> RECORDED DATA:

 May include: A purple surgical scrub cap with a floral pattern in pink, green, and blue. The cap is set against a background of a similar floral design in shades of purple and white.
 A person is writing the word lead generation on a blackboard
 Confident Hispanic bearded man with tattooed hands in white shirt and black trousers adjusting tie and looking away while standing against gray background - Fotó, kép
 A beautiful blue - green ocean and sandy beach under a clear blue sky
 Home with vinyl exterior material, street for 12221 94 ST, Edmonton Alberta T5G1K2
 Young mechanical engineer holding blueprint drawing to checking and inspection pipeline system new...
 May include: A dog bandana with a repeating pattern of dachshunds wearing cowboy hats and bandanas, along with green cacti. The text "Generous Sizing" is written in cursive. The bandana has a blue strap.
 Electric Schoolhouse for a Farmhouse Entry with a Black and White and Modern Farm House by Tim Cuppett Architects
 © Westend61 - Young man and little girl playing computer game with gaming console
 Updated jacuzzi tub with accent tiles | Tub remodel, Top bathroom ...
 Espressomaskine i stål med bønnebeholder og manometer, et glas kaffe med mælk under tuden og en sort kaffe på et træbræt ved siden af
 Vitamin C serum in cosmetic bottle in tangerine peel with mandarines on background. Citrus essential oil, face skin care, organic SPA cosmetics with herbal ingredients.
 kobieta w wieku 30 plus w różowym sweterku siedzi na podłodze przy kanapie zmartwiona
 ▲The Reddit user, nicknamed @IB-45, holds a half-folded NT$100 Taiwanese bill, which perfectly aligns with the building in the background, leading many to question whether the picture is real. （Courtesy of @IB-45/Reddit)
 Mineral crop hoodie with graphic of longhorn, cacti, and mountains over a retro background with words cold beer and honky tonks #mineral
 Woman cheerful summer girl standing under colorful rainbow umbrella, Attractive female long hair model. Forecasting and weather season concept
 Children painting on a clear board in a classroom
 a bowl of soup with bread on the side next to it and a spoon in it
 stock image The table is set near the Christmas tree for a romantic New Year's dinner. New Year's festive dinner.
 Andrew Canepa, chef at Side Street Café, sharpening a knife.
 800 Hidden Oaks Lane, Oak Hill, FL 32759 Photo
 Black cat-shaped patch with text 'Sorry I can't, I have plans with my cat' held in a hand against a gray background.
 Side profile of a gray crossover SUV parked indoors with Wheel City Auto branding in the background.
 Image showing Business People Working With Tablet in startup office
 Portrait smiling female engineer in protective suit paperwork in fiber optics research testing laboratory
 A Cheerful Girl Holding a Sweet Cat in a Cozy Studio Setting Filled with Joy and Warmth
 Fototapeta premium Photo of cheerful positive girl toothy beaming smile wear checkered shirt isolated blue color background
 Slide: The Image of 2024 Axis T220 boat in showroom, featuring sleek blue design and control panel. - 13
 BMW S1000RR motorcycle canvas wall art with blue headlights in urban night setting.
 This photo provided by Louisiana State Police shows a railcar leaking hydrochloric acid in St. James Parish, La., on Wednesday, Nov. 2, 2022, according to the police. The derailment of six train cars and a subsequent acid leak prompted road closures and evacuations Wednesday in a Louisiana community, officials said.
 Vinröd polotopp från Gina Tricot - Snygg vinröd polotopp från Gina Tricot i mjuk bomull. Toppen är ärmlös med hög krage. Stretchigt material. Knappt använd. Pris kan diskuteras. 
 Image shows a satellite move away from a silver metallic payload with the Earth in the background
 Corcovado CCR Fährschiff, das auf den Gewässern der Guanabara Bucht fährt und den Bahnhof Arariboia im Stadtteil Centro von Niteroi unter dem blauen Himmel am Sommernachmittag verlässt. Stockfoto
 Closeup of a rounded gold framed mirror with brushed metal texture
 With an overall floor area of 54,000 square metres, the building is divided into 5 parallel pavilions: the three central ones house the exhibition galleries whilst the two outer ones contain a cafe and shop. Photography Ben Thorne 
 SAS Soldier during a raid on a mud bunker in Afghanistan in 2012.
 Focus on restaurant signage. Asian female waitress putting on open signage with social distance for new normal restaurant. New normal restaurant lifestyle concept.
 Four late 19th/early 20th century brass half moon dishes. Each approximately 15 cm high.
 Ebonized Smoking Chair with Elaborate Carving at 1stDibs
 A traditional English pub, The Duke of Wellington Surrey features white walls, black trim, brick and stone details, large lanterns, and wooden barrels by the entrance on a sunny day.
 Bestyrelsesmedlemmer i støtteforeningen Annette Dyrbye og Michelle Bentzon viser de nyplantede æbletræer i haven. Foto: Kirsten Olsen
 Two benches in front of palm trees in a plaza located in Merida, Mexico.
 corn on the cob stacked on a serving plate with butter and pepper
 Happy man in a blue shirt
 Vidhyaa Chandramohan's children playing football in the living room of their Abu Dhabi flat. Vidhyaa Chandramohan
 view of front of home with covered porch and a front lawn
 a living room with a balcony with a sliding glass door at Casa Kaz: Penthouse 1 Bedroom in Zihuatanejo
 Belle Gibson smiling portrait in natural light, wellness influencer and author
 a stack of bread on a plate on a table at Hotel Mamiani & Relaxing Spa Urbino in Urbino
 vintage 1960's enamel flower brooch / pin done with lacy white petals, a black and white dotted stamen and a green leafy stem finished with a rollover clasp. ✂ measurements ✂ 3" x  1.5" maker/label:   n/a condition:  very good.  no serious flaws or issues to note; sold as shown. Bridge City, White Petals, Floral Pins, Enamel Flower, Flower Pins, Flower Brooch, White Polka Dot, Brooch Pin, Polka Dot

> THE TASK:
Single out each line of the records above with the string "engineer" in it, and copy it.

> WORKED SOLUTION:
 Young mechanical engineer holding blueprint drawing to checking and inspection pipeline system new...
 Portrait smiling female engineer in protective suit paperwork in fiber optics research testing laboratory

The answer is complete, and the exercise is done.